HKMA embraces FinTech as it burnishes Hong Kong’s brand to compete as Asia’s financial hub
The Hong Kong Monetary Authority has unveiled a series of policy initiatives for banks to embrace technology, and changed the city’s tax regime to attract corporate treasury departments, as it sharpens its edge to compete with Singapore and Tokyo as Asia’s financial centre.
The HKMA will set up a FinTech Innovation Hub and a FinTech Supervisory Sandbox, two initiatives aimed at spurring banks to embrace technology to make financial transactions safer, speedier and more convenient for consumers.

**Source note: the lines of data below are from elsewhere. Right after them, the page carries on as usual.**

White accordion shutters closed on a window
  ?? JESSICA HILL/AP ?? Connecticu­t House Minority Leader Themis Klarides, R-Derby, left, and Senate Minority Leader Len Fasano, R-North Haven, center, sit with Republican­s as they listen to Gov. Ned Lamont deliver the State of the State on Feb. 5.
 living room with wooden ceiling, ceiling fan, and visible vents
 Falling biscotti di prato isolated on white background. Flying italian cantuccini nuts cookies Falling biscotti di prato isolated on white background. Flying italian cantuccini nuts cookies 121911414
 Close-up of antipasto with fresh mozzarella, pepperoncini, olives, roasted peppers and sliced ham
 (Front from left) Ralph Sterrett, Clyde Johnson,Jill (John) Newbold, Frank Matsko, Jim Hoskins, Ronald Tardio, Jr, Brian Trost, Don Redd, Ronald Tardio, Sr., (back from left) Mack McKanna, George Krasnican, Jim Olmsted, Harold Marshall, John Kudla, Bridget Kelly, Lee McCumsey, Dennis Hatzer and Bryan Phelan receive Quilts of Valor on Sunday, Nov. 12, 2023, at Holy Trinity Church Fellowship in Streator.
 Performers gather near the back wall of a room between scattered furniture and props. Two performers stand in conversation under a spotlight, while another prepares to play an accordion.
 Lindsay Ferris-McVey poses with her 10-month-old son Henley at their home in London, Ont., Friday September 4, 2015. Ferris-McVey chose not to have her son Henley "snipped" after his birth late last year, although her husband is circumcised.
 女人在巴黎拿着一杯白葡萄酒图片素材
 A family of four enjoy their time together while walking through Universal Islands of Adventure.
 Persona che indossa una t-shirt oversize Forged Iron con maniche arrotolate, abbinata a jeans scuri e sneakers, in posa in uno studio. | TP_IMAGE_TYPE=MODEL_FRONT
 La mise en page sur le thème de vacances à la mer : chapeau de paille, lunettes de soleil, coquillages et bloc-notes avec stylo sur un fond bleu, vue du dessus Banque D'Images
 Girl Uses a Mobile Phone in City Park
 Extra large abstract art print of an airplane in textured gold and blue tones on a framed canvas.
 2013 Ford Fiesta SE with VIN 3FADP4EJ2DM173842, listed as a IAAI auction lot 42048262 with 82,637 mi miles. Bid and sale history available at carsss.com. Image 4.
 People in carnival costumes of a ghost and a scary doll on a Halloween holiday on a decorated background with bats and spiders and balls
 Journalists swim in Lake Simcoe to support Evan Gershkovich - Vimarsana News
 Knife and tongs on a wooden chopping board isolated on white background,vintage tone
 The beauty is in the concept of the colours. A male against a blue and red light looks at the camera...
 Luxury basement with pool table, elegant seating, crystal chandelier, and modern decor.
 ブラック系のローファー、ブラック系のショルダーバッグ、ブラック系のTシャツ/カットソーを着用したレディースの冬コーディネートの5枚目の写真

“Technology has provided many new and very convenient means to conduct financial transactions, ranging from the basic payment and banking services to the more sophisticated trading and investment activities,” the HKMA’s chief executive Norman Chan said at Hong Kong’s annual Treasury Markets Association gathering on Tuesday. “Without compromising consumer and investor protection, the HKMA embraces the use of FinTech and innovation.”
The HKMA’s FinTech hub with the Applied Science & Technology Research Institute will provide a controlled environment separate from banks’ internal systems, where financial institutions can be equipped with the needed resources to develop technology products related to finance.
“While some of the largest banks have built their own laboratories, this new Fintech hub will cater for the big and small institutions alike such that the industry as a whole would be able to adopt new technologies more speedily and in a more collaborative manner,” Chan said.
The regulator’s Sandbox initiative provides a speedier approvals process for FinTech experiments. With the HKMA’s approval, banks can test their FinTech pilot services without requiring a third-party assessment. Once the tests are successful, they can be further tested by the HKMA before being allowed to be launched for public use.
The FinTech hub could be used to test innovations such as biometric authentication technology, such as facial or voice recognition techniques used in the payments industry.
“FinTech is a worldwide trend and Hong Kong banks need to develop in the area quickly,” said the Hong Kong Institute of Bankers’ senior consultant Wilson Chan, who supports the HKMA moves.
Still, the HKMA’s prudence in regulating FinTech companies hasn’t gone by without some criticism.
“Many overseas markets such as the US and Singapore have developed their FinTech quickly,” said ICAP’s North Asia regional chief executive Benny Luk, who said Hong Kong lags behind other cities.
“The HKMA’s new measures will help Hong Kong catch up.”
Hong Kong surpassed Tokyo as the world’s fourth-largest foreign exchange trading centre as of April, bolstered by active transactions of offshore renminbi.
Average daily foreign exchange turnover in Hong Kong surged 59 per cent to US$437 billion in April, compared with the same period in 2013, according to the Bank for International Settlements’ triennial survey of foreign-exchange trading in 60 global markets.
London remains at the top of the league with US$2.43 trillion of daily currency transactions, followed by New York with US$1.27 trillion and Singapore at US$517 billion, the BIS survey said.
Hong Kong’s position could slip, as offshore trading of the renminbi has waned with its depreciation against major currencies.
The yuan has fallen 2 per cent against the US dollar this year, adding to last year’s 5.6 per cent decline. The depreciation has led many Hong Kong depositors to switch their yuan deposits into Hong Kong dollars or US dollars.
This has resulted in a shrinking yuan pool in Hong Kong.
The value of yuan deposits in the city declined 33 per cent to 667.11 billion yuan (HK$774 billion) at the end of July from a year earlier.
“The yuan deposit pool may go up and down with depreciation of the renminbi, but this would not affect demand of the yuan in the long term,” Chan said. “Hong Kong will continue to develop as an international yuan trading centre.”
The city’s significance could also be helped by the Chinese government’s so-called One Belt, One Road project, which is aimed at building roads, railways and transportation infrastructure linking China via the ancient Silk Road with 60 countries in Asia, the Middle East and Europe.
“The One Belt One Road project will involve many international infrastructure investments and fund raising in renminbi,” Chan said. “Hong Kong has the largest pool of yuan deposit outside of China while we also have the largest yuan bonds.”